You’re showcasing your brand at Sole DXB this year as well as having your shoes at Level Shoe District, how do feel Dubai is growing with regards to fashion and street style?
To be honest, I didn’t know a whole lot about Dubai but when the Sole DXB guys contacted me, it piqued my interest. Once Level Shoe District decided to carry FACTO, I did my research and learned more about the store and was excited to have the brand in the largest shoe store in the world. So a few weeks ago, when I had to travel to Italy, I decided to take a long layover in Dubai. While I didn’t know what to expect going in, for the 22 hours I was there, I was truly astonished.
And then I got a bit of a glimpse beyond the wow of the buildings, the beaches and the glitz. Incidentally, unbeknownst to each other, Raj Malhotra, one of the organizers of Sole was an NYU Stern classmate of mine. I spent an afternoon at his house talking to the guys and had the chance to learn about the streetwear scene and the event they were producing. It was very inspiring to meet some likeminded individuals whom, very early on, completely understood my motives for FACTO. We discussed the convergence of high fashion and street culture becoming a cultural zeitgeist and I thought to be at the forefront of this movement in a place like Dubai was very cool.
Later on that day, I visited Level Shoe District to meet the staff and had a chance to shop the Mall of Dubai as well. Needless to say, I found it breathtaking, in some ways akin to Tokyo in that the store was impeccably merchandised and very well thought out. I had a chance to give the staff a talk about FACTO and was excited to find out they had already done their research and knew a lot about brand. I found it interesting how culturally diverse they were and I could tell were very well attuned to their customers and how they would react to FACTO. I left not only in awe of the store but also greatly impressed with the level of customer service, which I find to be rare in the world outside of Tokyo. I would later find out that that day, Mario Götze, winner of the World Cup, would become the first to purchase a pair of FACTO from Level.
In the evening, I had dinner with an old friend of mine, Ayman, whom also works for Chalhoub Group. After dinner he took me to catch the last runway show at Fashion Forward right before I had to head back to the airport. The entire experience reminded me of what Tokyo was like ten years ago when it was beginning to become a fashion capital and brands were coming in and lavishing the city with beautiful stores and events. As I understand it, shortly after I left there were a number of other big events that happened in Dubai as well.

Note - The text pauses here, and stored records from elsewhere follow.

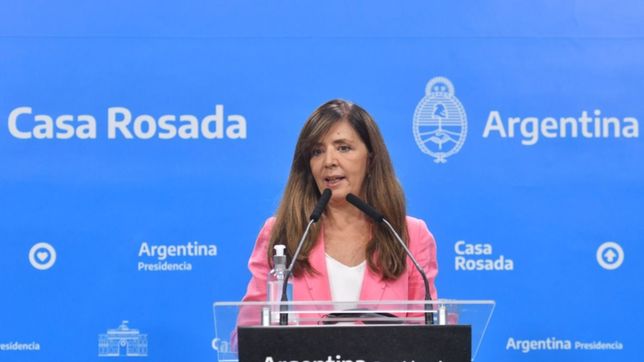 teletrabajo, no asueto: el furcio de cerruti que genero confusion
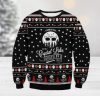 Dungeons & Dragons Crying Is A Free Action Ugly Sweater Printed New Gift For Men And Women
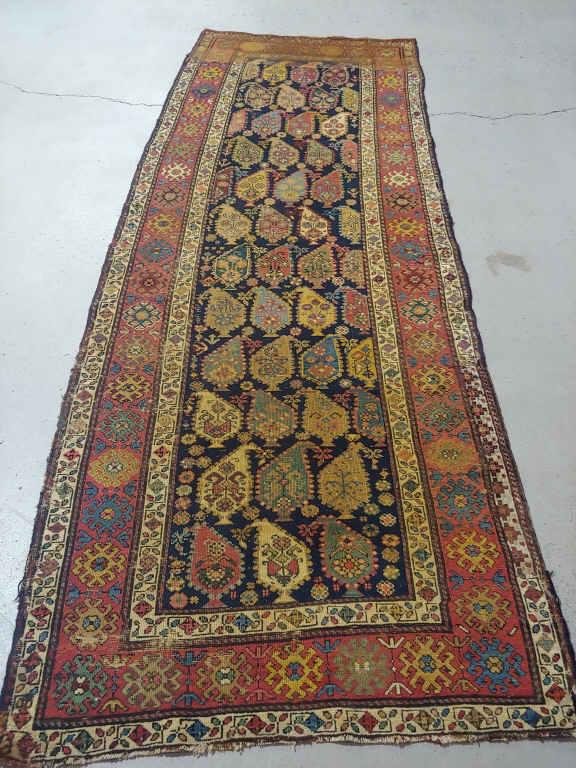 Karabagh Runner, Caucasia (1 of 5)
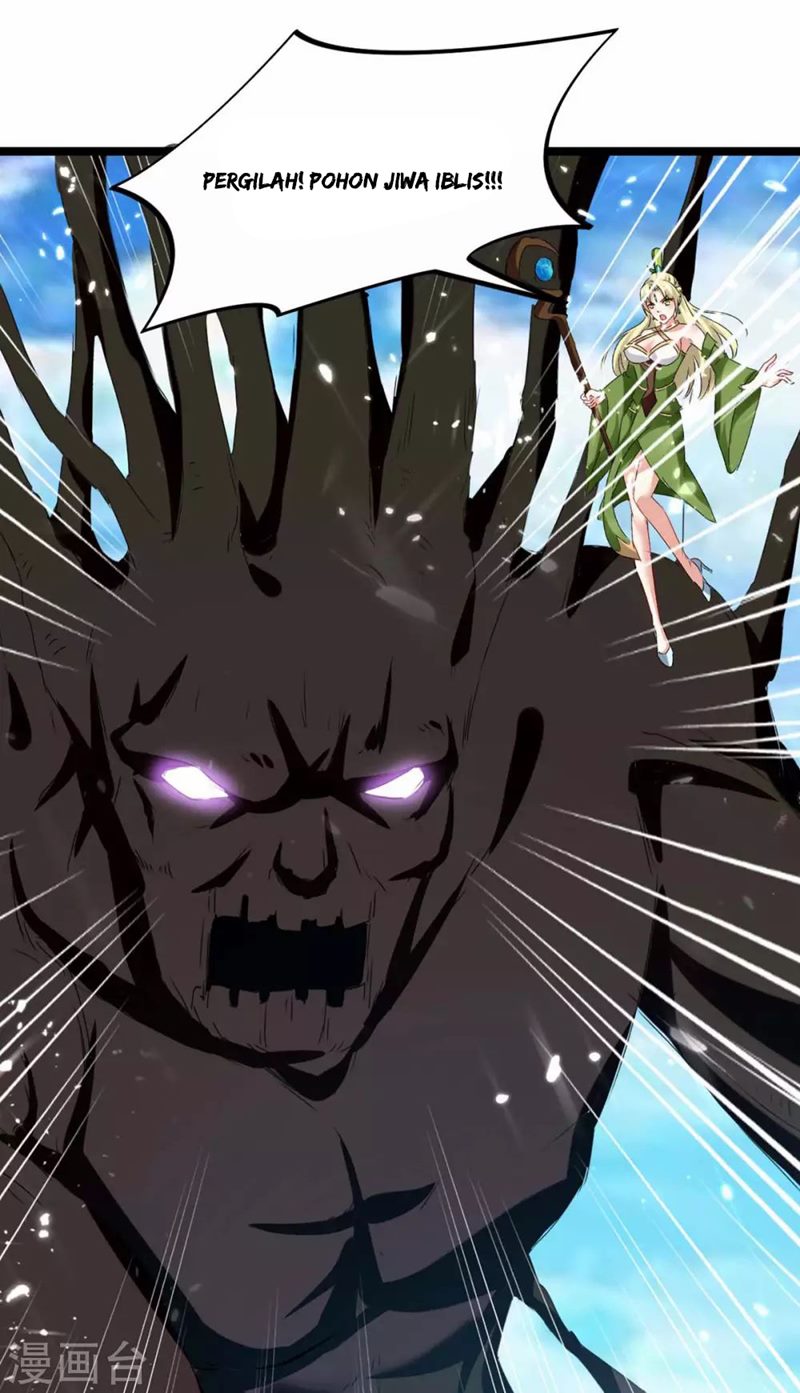 Strongest Leveling Bab 183 halaman 28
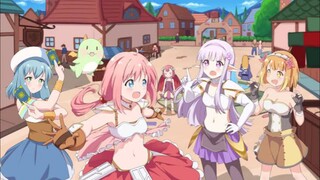 Endro/yuusha Party eps 8 Sub indo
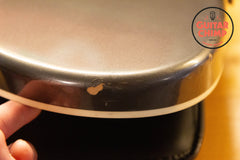 2004 Fender Japan AJB Aerodyne Jazz Bass Dolphin Gray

I think Dubai is at an interesting moment in time. Like most new capitals of the world and tourist destinations, the culture of fashion becomes an intrinsic component of the city and will continually cultivate its own unique flavor. But I think what would make it different for Dubai is its appetite for grandness and being the world’s most astonishing and international city. I really think it’s just the beginning and to be able to be a part of this movement for a young brand like FACTO is an amazing experience. Immediately after I boarded the plane, I made the decision to come back for Sole DXB and messaged my fiancée that she would have to clear her calendar for a few days.
This is your first season of Facto, did you expect such a positive response?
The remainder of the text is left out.